Hartz IV beschreibt ausdrücklich, dass es sich bei den 1-Euro-Jobs um keine Arbeitsverhältnisse im Sinne des Arbeitsrechts handelt.
Alle Betroffenen sind lediglich durch den Arbeitsschutz und das Bundesurlaubsgesetz abgesichert.
Alle anderen Arbeitsgesetze haben keine Gültigkeit.
Die Konsequenz aus diesem Fallstrick:
Wer krank wird bekommt nicht einmal mehr den Hungerlohn von 1-2 Euro weiter bezahlt, denn das Entgeldfortzahlungsgesetz gehört nicht zum Arbeitsschutz.
Im Falle eine Unfalls, ist zwar eine medizinische Versorgung gewährleistet, eine Unfallrente jedoch nicht.

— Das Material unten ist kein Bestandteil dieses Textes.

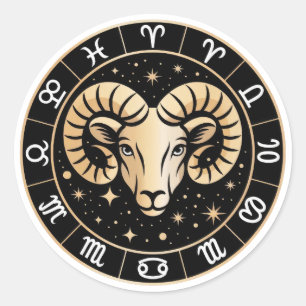 Pegatina Redonda Elegante Constelación Zodiaco Capricornio Dorado N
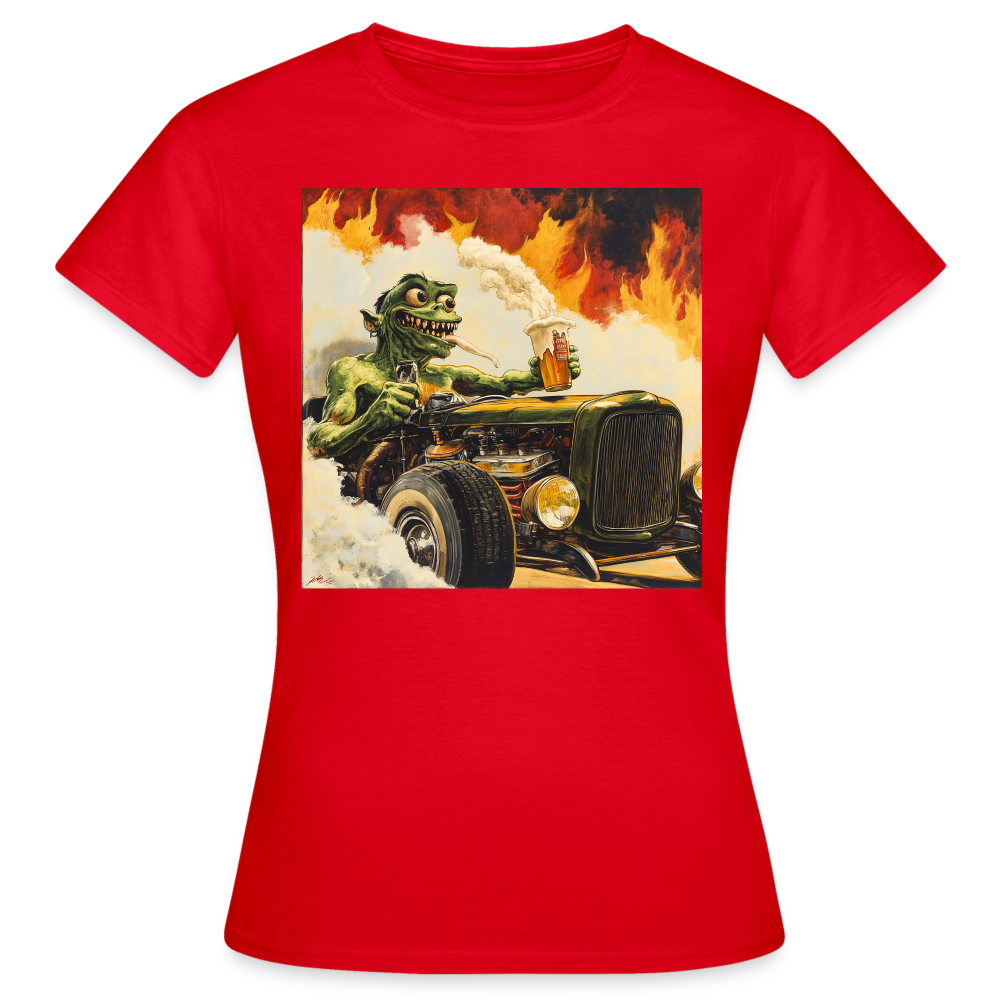 Ragg-Rex, T-shirt dam - röd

Warum? -- Empfänger von ALG II arbeiten im juristischen Sinne gar nicht, deshalb sind sie von der betrieblichen Unfallversicherung ausgeschlossen.
Dass die allgemeinen Arbeitsschutzvorschriften offiziell noch gelten ist mehr als eine Farce. Wer sich beschwert und auf die Einhaltung des Arbeitsschutzes pocht kann sofort gekündigt werden, denn auch das Kündigungsschutzgesetz hat keine Gültigkeit.
Entsprechend dieser Logik von Entrechtung ist die Gründung von Betriebs- oder Personalräten Menschen die einer Arbeitsgelgenheit nachgehen natürlich ebenfalls untersagt.
Erwirbt man mit einem 1-Euro Job Anspruch auf Arbeitslosengeld? - Nein, ebenfalls Fehlanzeige.
Und so lautet die bittere Prognose: Einmal Zwangsjobber immer Zwangsjobber.
Ein Sprichwort sagt sinngemäß, "wo viel Schatten ist, ist auch viel Sonne".
Und die Sonne muß man auch in diesem Fall nicht lange suchen.
Nutznießer der 1-Euro Jobs gibt es in Hülle und Fülle:
Caritas, Arbeiterwohlfahrt, Paritätischer Wohlfahrtsverband , das Deutsche Rote Kreuz und die Diakonie haben sich als willige Unterstützer und Profiteure dieses Sozialraubs entpuppt.
War man sich bis vor kurzem in deren Reihen noch einig, zumindest den Zwang zu jeder Arbeit bei jedem Lohn eindeutig abzulehnen, wollen diese Sozialverbände den Arbeitszwang nun nutzen, um billige Arbeitskräfte zu beschäftigen.
Sie biedern sich an, den von der Bundesagentur für Arbeit angestrebten Niedrigstlohnsektor mit 600.000 solcher "Arbeitsgelegenheiten" zu organisieren.
Immerhin hat die Bundesregierung für die Verwaltungs- und Lohnkosten 6,3 Milliarden Euro bereitgestellt.
Allein in Frankfurt haben die Vereine bereits 1800 derartige Stellen beim Arbeitsamt beantragt.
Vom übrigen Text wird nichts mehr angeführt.